## Instructions to follow
Copy nothing but the lines below running from the line containing "Scallop Border Bottle" through the line containing "More Photos Of", both end lines included.

## Data for this task
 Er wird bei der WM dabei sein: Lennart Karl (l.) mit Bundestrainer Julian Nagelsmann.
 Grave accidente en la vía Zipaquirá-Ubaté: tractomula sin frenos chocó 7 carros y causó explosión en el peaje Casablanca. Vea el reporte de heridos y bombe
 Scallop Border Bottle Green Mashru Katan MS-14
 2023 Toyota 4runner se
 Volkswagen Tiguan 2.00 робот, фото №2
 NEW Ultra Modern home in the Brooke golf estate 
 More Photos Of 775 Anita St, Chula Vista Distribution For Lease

--

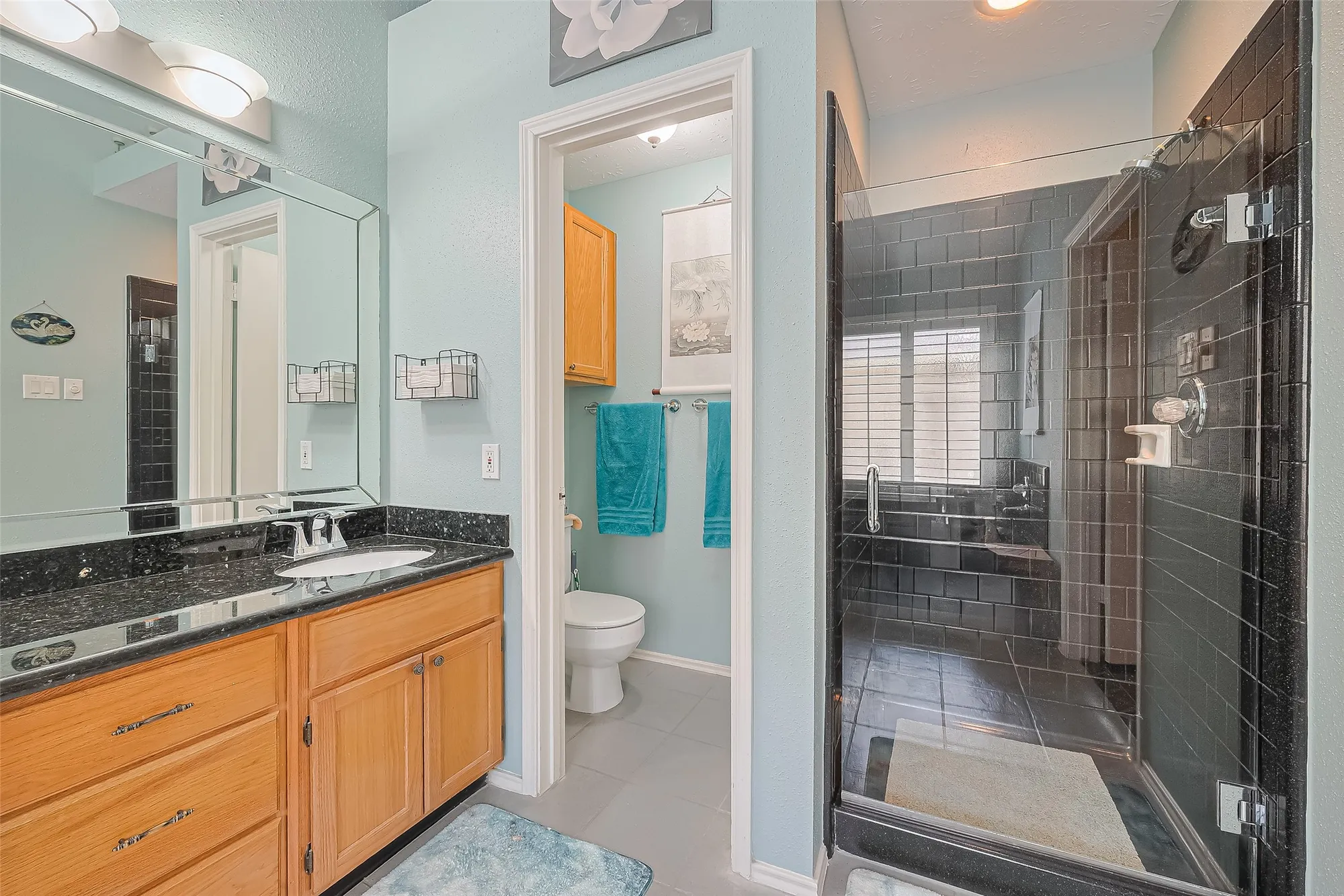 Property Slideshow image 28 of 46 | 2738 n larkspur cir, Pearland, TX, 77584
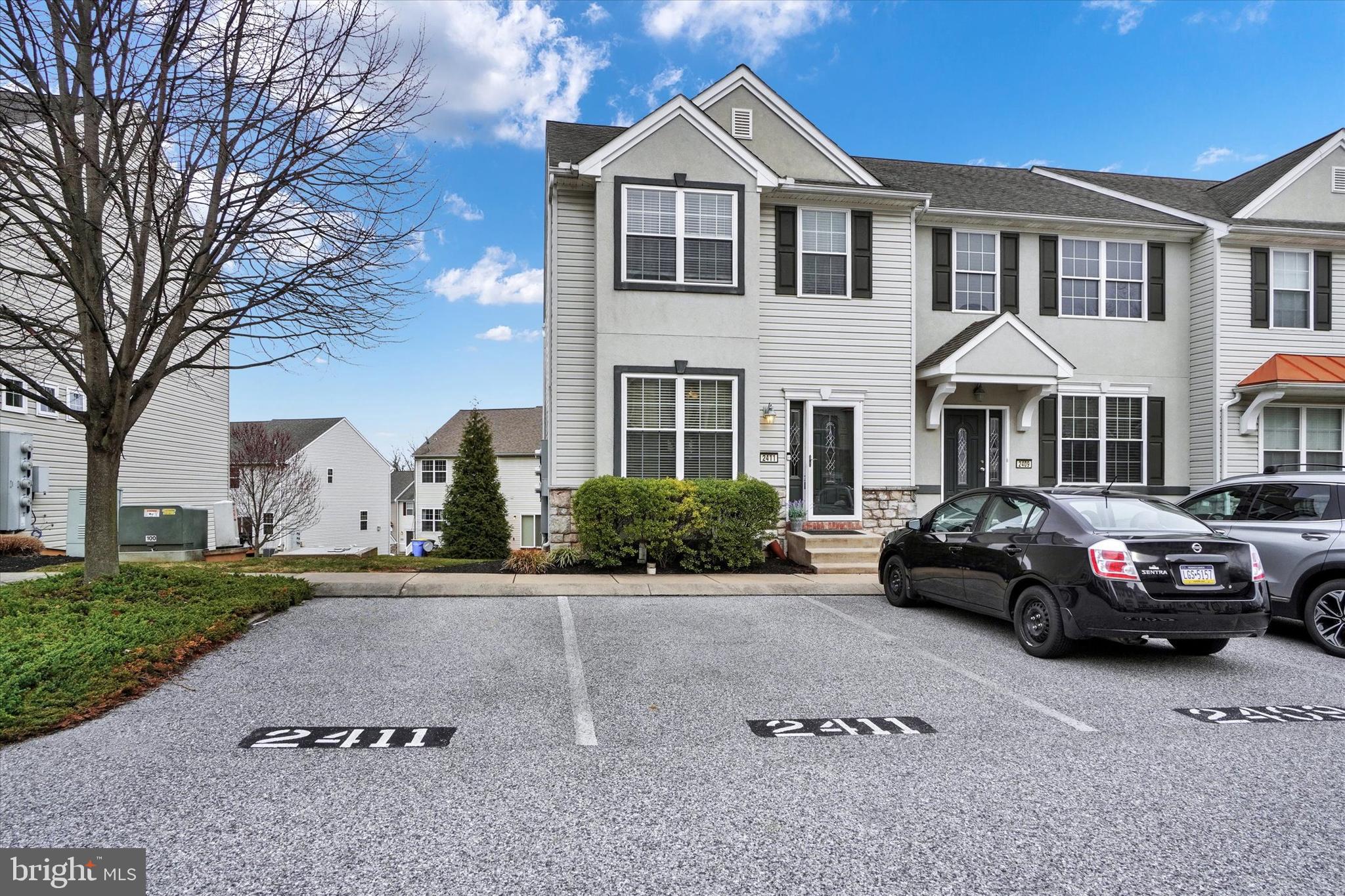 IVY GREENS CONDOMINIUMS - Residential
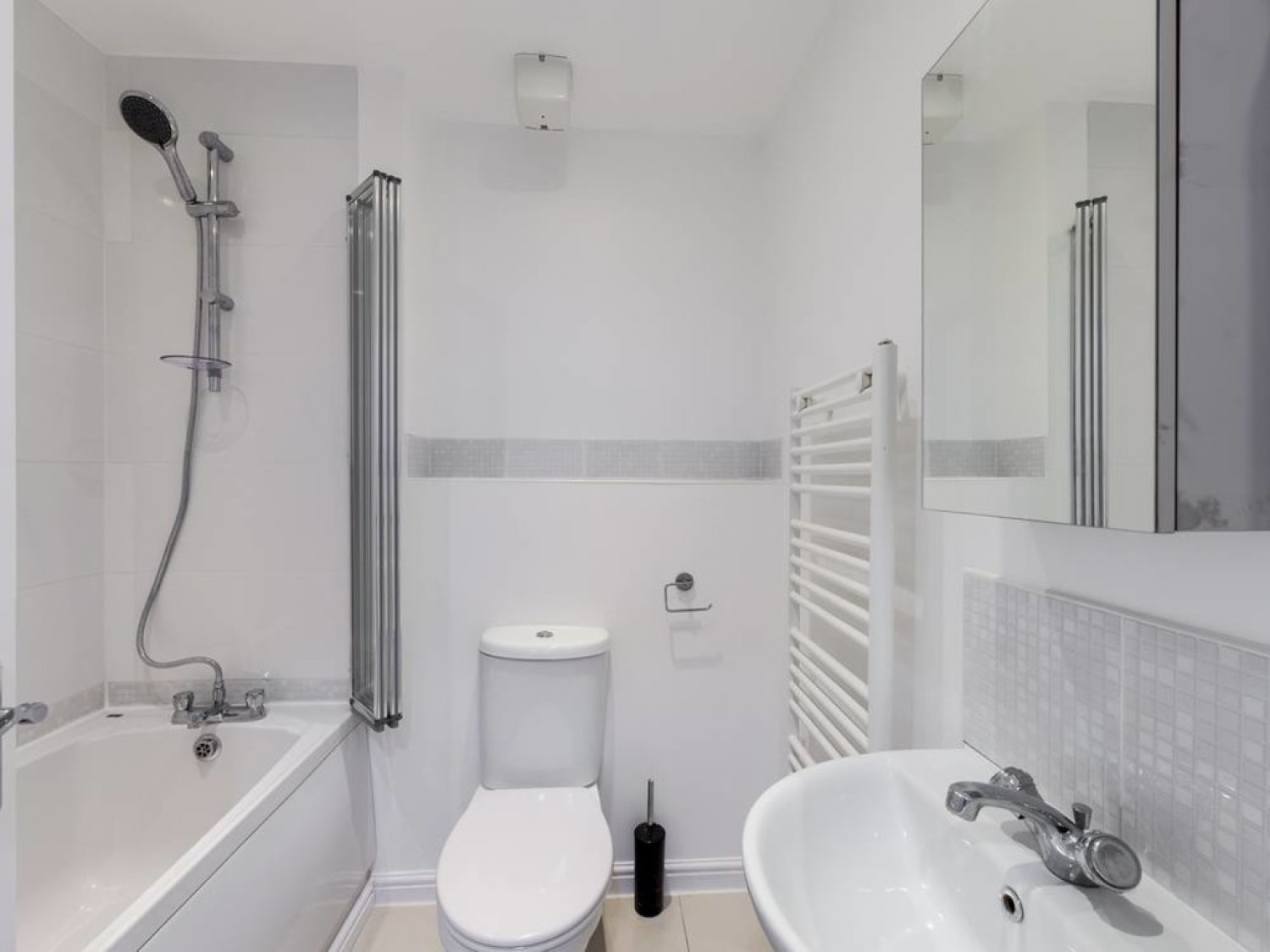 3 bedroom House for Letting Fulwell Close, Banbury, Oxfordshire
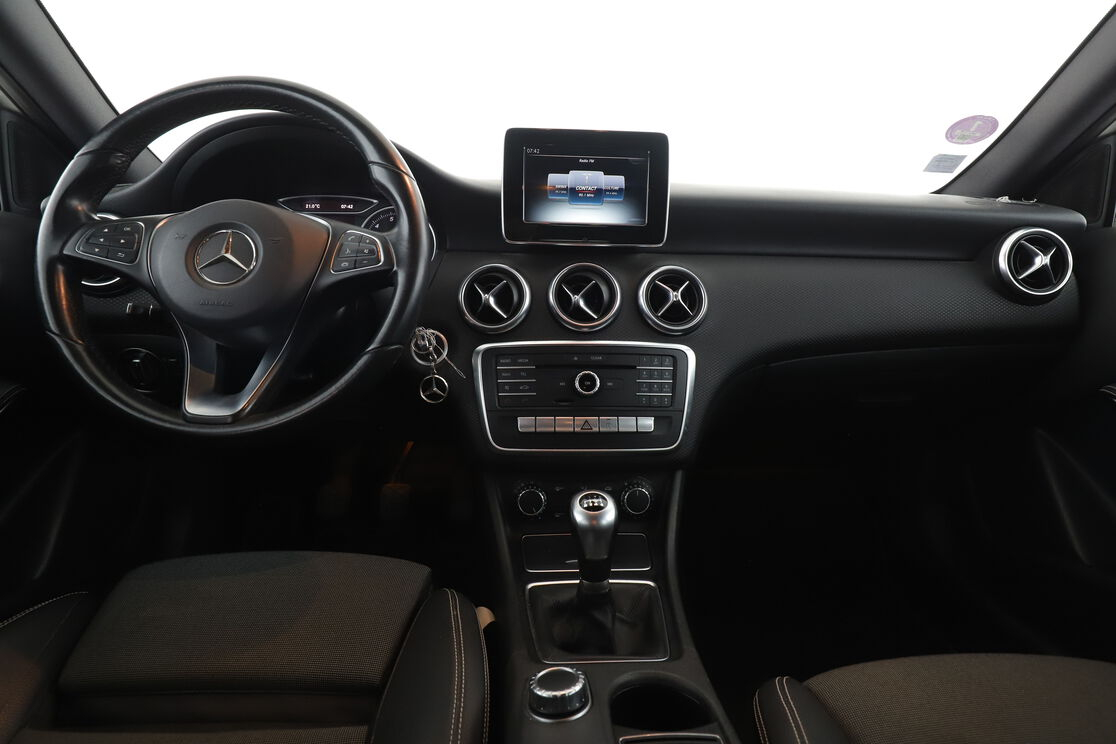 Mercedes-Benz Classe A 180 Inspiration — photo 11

## Solved exercise
 Scallop Border Bottle Green Mashru Katan MS-14
 2023 Toyota 4runner se
 Volkswagen Tiguan 2.00 робот, фото №2
 NEW Ultra Modern home in the Brooke golf estate 
 More Photos Of 775 Anita St, Chula Vista Distribution For Lease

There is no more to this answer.